Help take a bite out of graffiti
In case you failed to notice the vandalism on walls, signs and buildings throughout the valley, Clark County has declared Saturday Graffiti Awareness Day.
Commissioners Susan Brager, Chris Giunchigliani and Lawrence Weekly will be giving away paint and brushes and helping with graffiti cleanup efforts Saturday morning. Officials from Las Vegas, Henderson and North Las Vegas are to take part in similar activities in their communities.
"As a Realtor, I see the impacts of graffiti first-hand," Brager said Tuesday as the commission adopted a proclamation for Graffiti Awareness Day. "It does effect property values and it does seem to attract crime."
Graffiti cleanup costs residents, business owners and government entities an estimated $30 million a year, said Detective Scott Black, who heads up the graffiti investigation section for the Metropolitan Police Department's gang unit.

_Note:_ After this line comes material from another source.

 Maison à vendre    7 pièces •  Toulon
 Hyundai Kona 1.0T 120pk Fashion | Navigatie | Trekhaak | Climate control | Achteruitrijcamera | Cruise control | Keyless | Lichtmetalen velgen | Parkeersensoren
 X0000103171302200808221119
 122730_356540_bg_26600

"It's the number one property crime in Southern Nevada without a doubt," Black said. "This is a test of wills. They tag it; we clean it up."
The war on graffiti will escalate on Oct. 1, when a new state law takes effect that increases the penalties for vandalism and criminalizes the possession of spray paint and indelible markers in certain places.
Under the new law, signed by Gov. Jim Gibbons June 13, a misdemeanor charge could be brought against would-be vandals caught with "graffiti implements" under an overpass or bridge, inside a flood channel, or at a public facility such as a community center, park, or city bus.
Graffiti implements are defined as spray paint, broad-tipped indelible markers or "other item that may be used to propel or apply fluid that is not soluble in water."
"It will give law enforcement more of a tool to start investigating this stuff," Black said.
Another tool came on line late last year and is already producing results.
More than 280 tips have been logged and 107 arrests made since Dec. 1, when the Turn-in-a-Tagger program was started by Las Vegas police, the county and Crime Stoppers of Nevada.
"A lot of the tips are from the taggers themselves," Black said, who acknowledged that some of the signs put up to advertise the program have since been tagged.
So far this year, the separate, county-run Southern Nevada Graffiti Hotline has received more than 6,000 reports of vandalism.
That's and increase from 4,000 by this time last year, said Cindy Lucas, code enforcement supervisor for Clark County's graffiti abatement program.
Other than summer recently getting under way, Lucas said there is no particular significance to the designation of Saturday as Graffiti Awareness Day.
"We do see a higher incidence of graffiti in the summer, when kids are out of school," she said.
The county's paint and brush giveaway will take place from 8 a.m. to noon at the Hollywood Recreation Center at 1650 South Hollywood Blvd., and the West Flamingo Senior Center at 6255 West Flamingo Road.
Among the sites scheduled for cleanup Saturday are large block walls on Las Vegas Boulevard east of Lamb Boulevard and at the intersections of Charleston Boulevard and Sloan Lane, Charleston and Beesley Drive, and Cheyenne Avenue and Walnut Road.